Does evolution have a purpose? (Evolution)

by dhw, Saturday, October 11, 2014, 13:04 (3477 days ago) @ David Turell

DAVID: That is just my point. Who knows God at all?-dhw: Indeed. He may not even exist. But you think he does, so do you still believe his purpose in starting evolution was to create humans?-DAVID: I always ask the question of myself. Why are we here? The apes, whose lifestyle we left, did fine until the last 100 years when we become too numerous for them and began to encroach on their habitat. Nothing drove our brain size. It just happened. Upright posture began to develop 22 million years ago in a monkey. Why? It appears to me evolution was directed toward humans. Our bodies and brains have exceeded all requirements of nature at the time we began to appear. It is still recognizing purpose or appeallng to chance to do these things. Darwin bet on chance. I don't.-You might ask the same question of every single species. Bacteria did fine almost from the word go, so what “drove” multicellularity?
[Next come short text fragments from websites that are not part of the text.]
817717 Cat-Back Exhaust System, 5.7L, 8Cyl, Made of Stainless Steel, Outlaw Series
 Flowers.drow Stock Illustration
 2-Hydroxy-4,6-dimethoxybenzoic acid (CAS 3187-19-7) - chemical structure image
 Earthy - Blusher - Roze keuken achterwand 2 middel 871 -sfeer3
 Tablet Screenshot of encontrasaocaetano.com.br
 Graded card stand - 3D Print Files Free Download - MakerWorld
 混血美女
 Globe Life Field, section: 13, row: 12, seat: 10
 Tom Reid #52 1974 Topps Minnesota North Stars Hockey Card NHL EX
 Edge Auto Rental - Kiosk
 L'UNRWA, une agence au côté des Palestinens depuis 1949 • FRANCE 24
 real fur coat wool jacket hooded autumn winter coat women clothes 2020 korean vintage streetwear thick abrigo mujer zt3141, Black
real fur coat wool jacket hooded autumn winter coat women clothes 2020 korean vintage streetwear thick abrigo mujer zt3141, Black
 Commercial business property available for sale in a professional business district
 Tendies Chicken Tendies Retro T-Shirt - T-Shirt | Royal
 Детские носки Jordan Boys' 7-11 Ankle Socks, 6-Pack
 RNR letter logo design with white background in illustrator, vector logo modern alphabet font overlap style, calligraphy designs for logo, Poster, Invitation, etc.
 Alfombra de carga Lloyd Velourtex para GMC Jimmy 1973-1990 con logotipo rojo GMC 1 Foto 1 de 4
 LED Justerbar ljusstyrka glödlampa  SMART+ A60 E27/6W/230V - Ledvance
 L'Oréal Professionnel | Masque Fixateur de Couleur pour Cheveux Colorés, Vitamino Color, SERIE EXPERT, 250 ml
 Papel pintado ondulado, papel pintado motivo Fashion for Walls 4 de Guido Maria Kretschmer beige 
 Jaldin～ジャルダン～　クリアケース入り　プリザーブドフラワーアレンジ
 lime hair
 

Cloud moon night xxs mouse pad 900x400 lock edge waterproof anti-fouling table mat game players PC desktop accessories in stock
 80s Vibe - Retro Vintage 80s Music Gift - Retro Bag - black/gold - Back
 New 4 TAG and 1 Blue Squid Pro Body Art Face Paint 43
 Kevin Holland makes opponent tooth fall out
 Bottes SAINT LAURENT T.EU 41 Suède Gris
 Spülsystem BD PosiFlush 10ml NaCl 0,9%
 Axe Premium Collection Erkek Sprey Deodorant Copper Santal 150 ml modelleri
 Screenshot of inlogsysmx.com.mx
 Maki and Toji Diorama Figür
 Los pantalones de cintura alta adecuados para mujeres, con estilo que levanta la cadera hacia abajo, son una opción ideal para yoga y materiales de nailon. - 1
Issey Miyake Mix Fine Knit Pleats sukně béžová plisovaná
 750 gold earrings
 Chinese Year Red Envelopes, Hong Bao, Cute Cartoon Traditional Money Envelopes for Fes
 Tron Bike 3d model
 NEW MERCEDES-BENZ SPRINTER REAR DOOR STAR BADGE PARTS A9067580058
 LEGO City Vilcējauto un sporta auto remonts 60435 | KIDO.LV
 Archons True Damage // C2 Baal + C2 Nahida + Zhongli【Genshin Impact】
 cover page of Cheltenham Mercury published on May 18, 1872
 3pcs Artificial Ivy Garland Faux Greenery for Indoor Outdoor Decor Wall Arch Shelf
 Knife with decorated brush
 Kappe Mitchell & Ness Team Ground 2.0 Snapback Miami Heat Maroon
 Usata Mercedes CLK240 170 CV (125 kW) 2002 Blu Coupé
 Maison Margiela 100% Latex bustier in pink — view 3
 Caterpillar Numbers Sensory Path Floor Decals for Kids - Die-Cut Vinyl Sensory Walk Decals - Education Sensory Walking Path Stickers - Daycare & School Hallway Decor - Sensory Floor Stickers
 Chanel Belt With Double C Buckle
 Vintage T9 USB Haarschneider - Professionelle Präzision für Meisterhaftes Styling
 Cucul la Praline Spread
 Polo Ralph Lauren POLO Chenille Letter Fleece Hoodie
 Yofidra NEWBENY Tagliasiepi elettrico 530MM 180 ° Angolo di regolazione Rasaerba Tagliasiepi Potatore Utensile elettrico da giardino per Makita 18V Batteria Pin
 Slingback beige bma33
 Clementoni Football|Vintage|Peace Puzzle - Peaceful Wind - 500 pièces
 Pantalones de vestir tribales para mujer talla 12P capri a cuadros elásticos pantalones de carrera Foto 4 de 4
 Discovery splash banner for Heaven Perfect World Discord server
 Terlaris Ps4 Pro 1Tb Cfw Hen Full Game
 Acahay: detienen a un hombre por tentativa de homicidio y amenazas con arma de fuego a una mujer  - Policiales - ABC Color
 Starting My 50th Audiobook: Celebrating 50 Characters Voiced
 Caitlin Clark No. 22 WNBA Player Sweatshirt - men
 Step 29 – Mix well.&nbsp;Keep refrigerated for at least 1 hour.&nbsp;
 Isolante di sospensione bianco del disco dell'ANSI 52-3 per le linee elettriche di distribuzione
Why is our friend the myrmecophilous beetle here, and why was the tyrannosaurus rex here, though he isn't here any more? Your sometimes breathtaking list of Nature's Wonders raises the same question over and over again, and it's possible that the hypothesis of an autonomous inventive mechanism provides us with the answer. All of these wonders, including the human body and brain, “exceed all requirements of nature”, since nature “requires” nothing beyond bacteria. Perhaps the power of invention has led to this vast variety, and we are a kind of culmination. Other species have their own degrees of intelligence and consciousness and even ratiocination, and at some time the inventive mechanism within a few monkeys hit on a new idea (maybe descending from the trees) - possibly triggered by a change in the environment - which in turn led to a whole succession of new ideas. Of course it's all maybe and possibly, but as you have repeatedly pointed out, the brain develops with use. New experiences create new links. I am suggesting that there is no overriding purpose, but that once set in motion, the inventive mechanisms within individual organisms or groups of organisms pursued their own “agendas”, thus giving rise to the great higgledy-piggledy bush of species that eventually led to our own.
 
There is no chance involved here, other than the randomness of environmental change. Each branch of the bush is the result of deliberate design - not separately by a god but separately by succeeding generations of organisms whose inventive mechanisms adjust to or exploit environmental change. You are right to say Darwin bet on chance, but only in the sense of random mutations. As far as the origin of life was concerned, he hedged his bets. If he had known what we now know about genetics, he might also have come up with the hypothesis of an inventive mechanism, and would no doubt have hedged his bets on the origin of that too.